A test version of the application had recently been released to one of the target customers for them to play around with. The DB management team was still studying the rates of growth expected for the database, so we had provided only a preliminary estimate of database size. Suddenly the testing customer reported a fatal defect, the team switched into crisis mode, and life became exciting for a few weeks.

The problem was hard to diagnose and involved late nights of work and considerable anxiety on the part of the utility company and of the AMR application provider, but fundamentally it was simple. You can make it into a rule: The hardware performance has to scale linearly, or nothing else will. I mean, duh.

The Old Switcheroo

The utility company had purchased a SAN from a major vendor to dedicate to the AMR application. The network administrator had configured the SAN with what he thought was sufficient storage, on the basis of our preliminary estimate, and had chosen one of the less expensive configurations, because of the price. In this configuration, the enclosure contained some faster drives and some slower, cheaper drives. The SAN used the faster drives first. When disk utilization reached a threshold, the SAN switched to using the slower drives. This seemed reasonable to the network administrator, so he did not mention it to the DB management team.

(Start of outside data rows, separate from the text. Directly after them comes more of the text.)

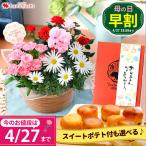 早割 母の日 2024 花 寄せ鉢＆スイートポテト カーネーション、ミニバラなど人気の花鉢がぎゅっ！ふわふわプードルが笑顔をお届け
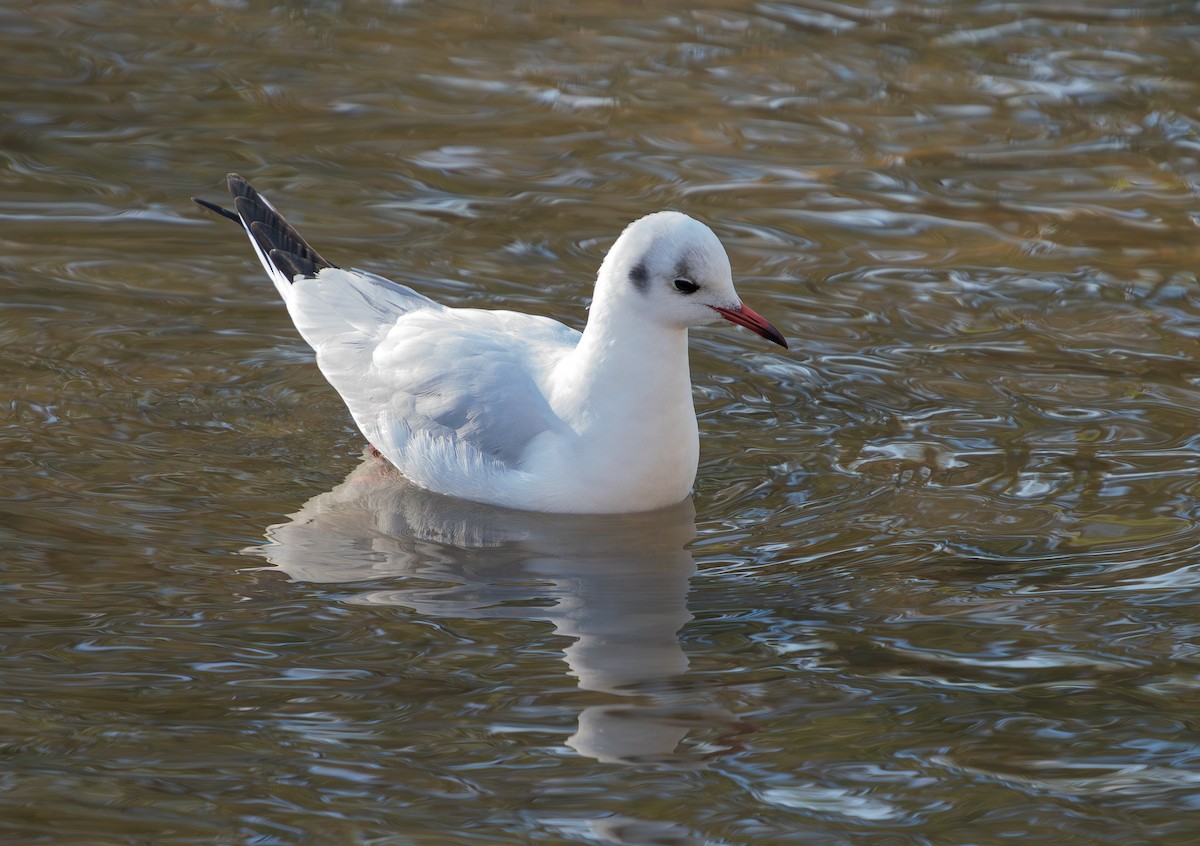 Black-headed Gull - ML646354698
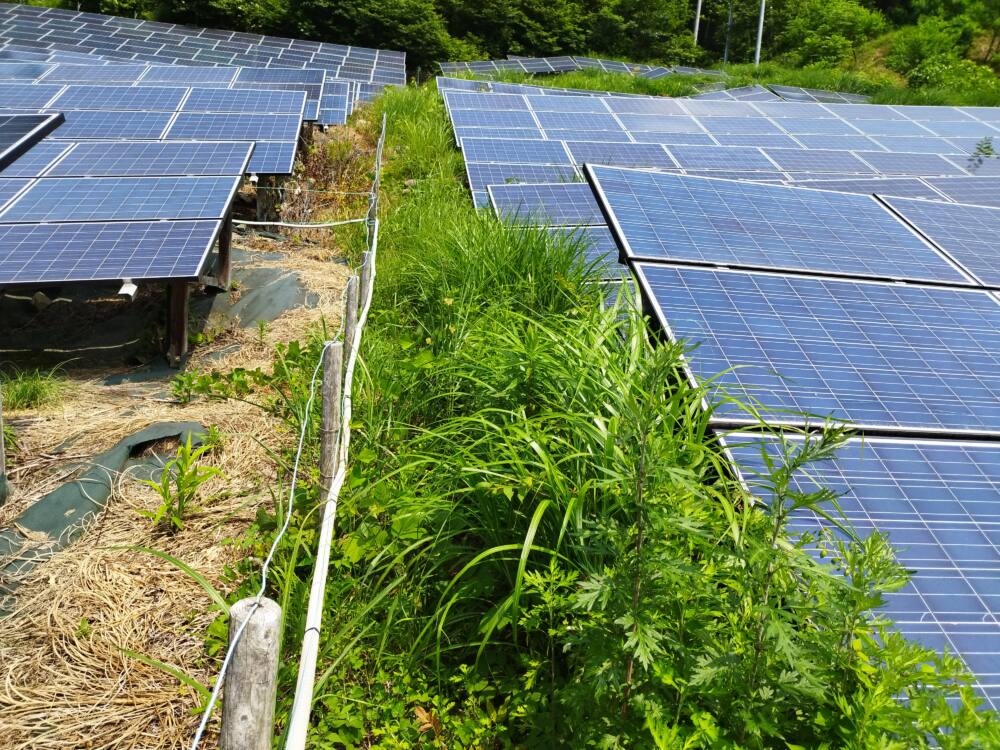 実績・評判口コミ画像02-長野県　49.5kW　低圧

However, Oracle’s cost-based optimizer (CBO) in versions above 8 periodically executes disk reads to gather system statistics about LUN performance. The performance statistics influence the optimizer’s choice of query execution plans. This works well in a storage environment that performs consistently, but if some of the LUNs have different performance characteristics from the rest, then the CBO has rubbish statistics, and keeps choosing the wrong query execution plans.

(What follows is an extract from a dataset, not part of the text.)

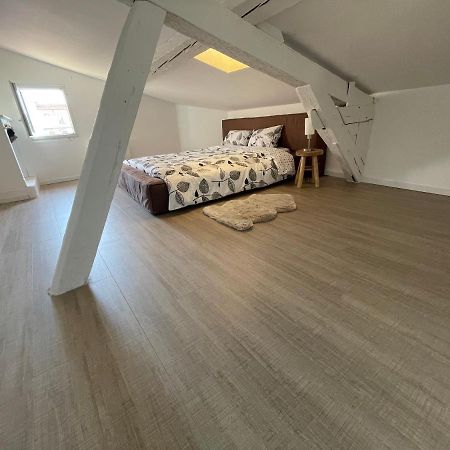 Duplex Quartier Saint-Sernin, Toulouse Daire Dış mekan fotoğraf
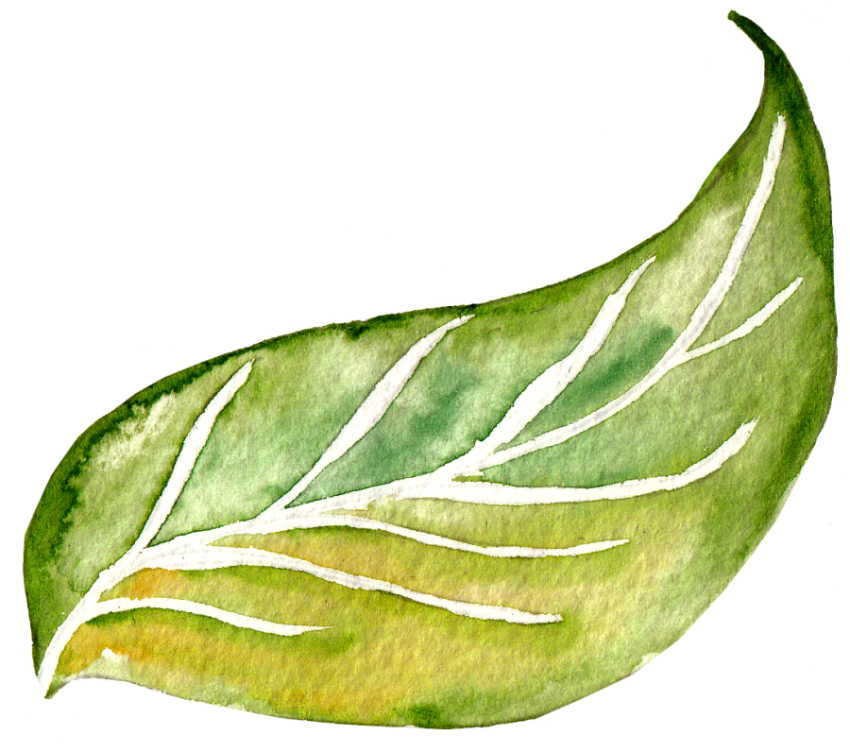 Png Watercolor Leaves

In the system we were supporting, as soon as DB utilization reached 50 percent of the available storage, the performance of many DB queries suddenly changed, and not usually for the better. Several queries became performance nightmares, changing from subsecond response time to 20-minute response time, and back, unpredictably. There was a particular Web page that seemed to have gone berserk, which was why everyone thought we were looking at a bad bug.

Diagnosis and Solution

Diagnosis was difficult. We had to ignore the appearance of an application bug and discover six things:

  • that query execution plans kept changing (you would expect them to stabilize),
  • that a given plan (such as a fast full index scan) for a given query sometimes performed well and sometimes did not,
  • that performance had gone haywire when storage space utilization reached 50 percent of available storage,
  • that the vendor offered a configuration where performance characteristics changed as storage space utilization crossed a threshold,
  • and finally, that the network administrator had chosen such a configuration.
When the DB management team figured out what had happened, we manually reorganized the DB into a tighter storage allocation so that the slower LUNs were not used. This was a somewhat old-fashioned solution, but it solved the performance problem, for a while at least.

Take-Aways

From a data team manager’s perspective, this issue could have been avoided by better communication of storage requirements to the utility company, and by better communication of the storage hardware configuration from the utility company to the DB management team.

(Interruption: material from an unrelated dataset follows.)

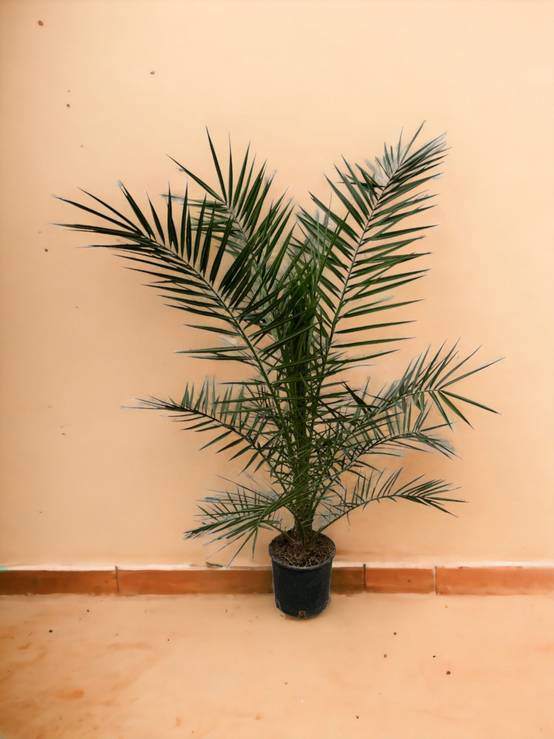 Phoenix Canariensis 160cm - D22 H160cm - Image 3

From a DB architect’s perspective, this issue emphasizes the need to estimate DB storage early and to allocate it generously, on consistently performing storage hardware, from the beginning of elaboration through the end of construction.

From a DBA’s perspective, the issues are,

  • first, you need to be sure that you know what choice the customer is making when they purchase storage hardware, and
  • second, even after years of development of OFA and other standards, an RDBMS is still sensitive to the performance of the storage devices (at least, it is if you mess it up), so sometimes a manual re-org is still the way to correct a performance problem.

All in all, I guess most of us felt that we were pretty dumb to let this problem develop to the point where we had to be very smart to solve it.